Methods of Reverberation Mapping. I. Time-lag Determination by Measures of Randomness

TL;DR

This paper introduces a new method for measuring time delays in quasar reverberation mapping using measures of randomness, which is effective for irregularly sampled data and does not rely on complex modeling.

Contribution

It presents an optimized von Neumann-based scheme for time-lag determination that outperforms existing correlation methods and requires fewer assumptions about variability processes.

Findings

The method accurately recovers known time delays in quasar data.

It handles sparse and irregular sampling effectively.

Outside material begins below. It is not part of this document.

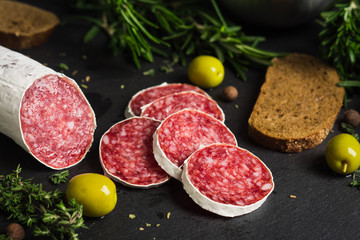 Salami sausage sliced with rosemary, olives and spices on the dark background. Shallow depth of field.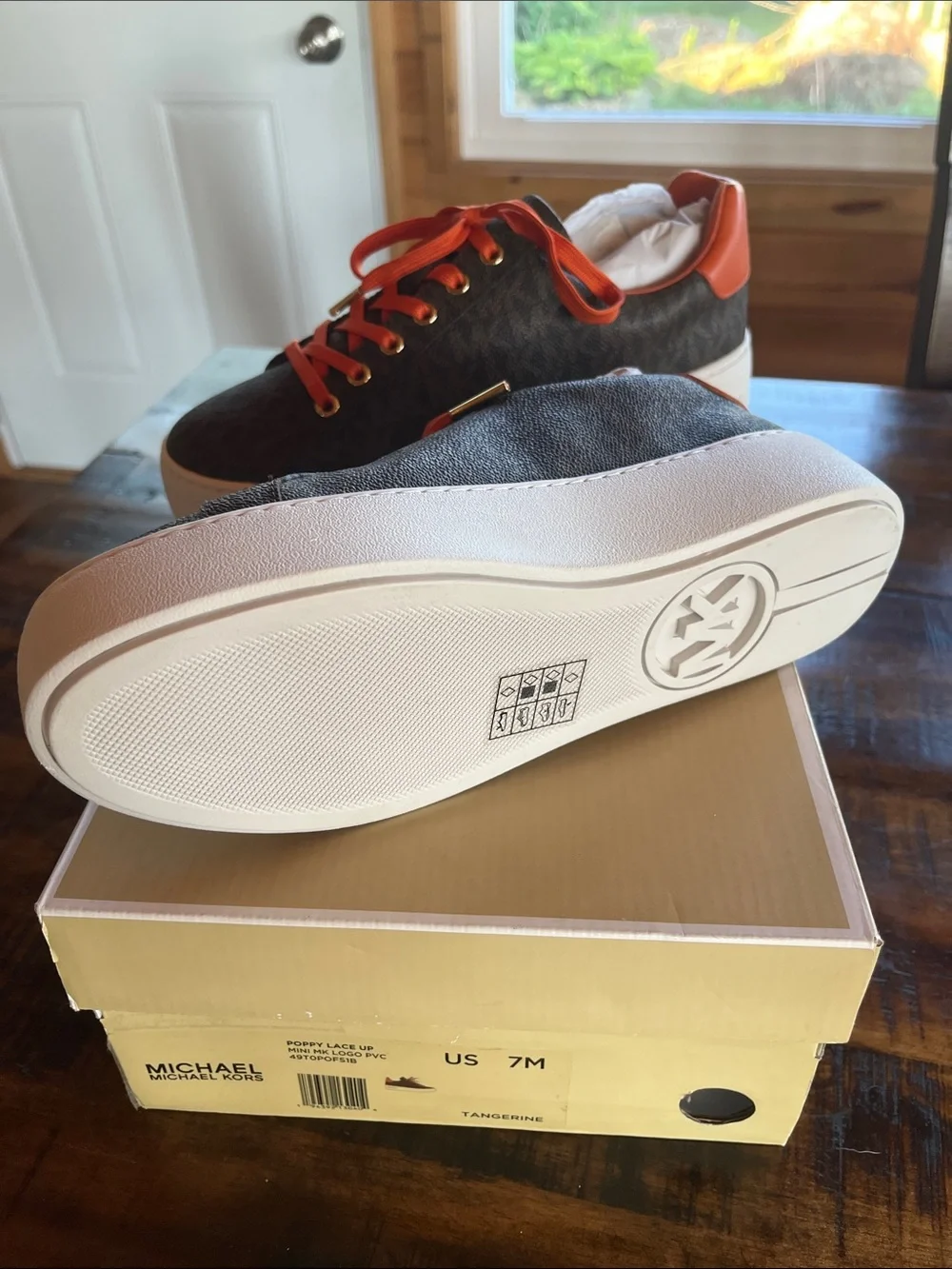 Michael Kors Woman’s Brown MK Monogram Sneaker with Orange Accents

The size-luminosity relation of the broad-line region is confirmed with less assumption.

Abstract

A class of methods for measuring time delays between astronomical time series is introduced in the context of quasar reverberation mapping, which is based on measures of randomness or complexity of the data. Several distinct statistical estimators are considered that do not rely on polynomial interpolations of the light curves nor on their stochastic modeling, and do not require binning in correlation space. Methods based on von Neumann's mean-square successive-difference estimator are found to be superior to those using other estimators. An optimized von Neumann scheme is formulated, which better handles sparsely sampled data and outperforms current implementations of discrete correlation function methods. This scheme is applied to existing reverberation data of varying quality, and consistency with previously reported time delays is found. In particular, the size-luminosity relation of the broad-line region in quasars is recovered with a scatter comparable to that obtained by other works, yet with fewer assumptions made concerning the process underlying the variability. The proposed method for time-lag determination is particularly relevant for irregularly sampled time series, and in cases where the process underlying the variability cannot be adequately modeled.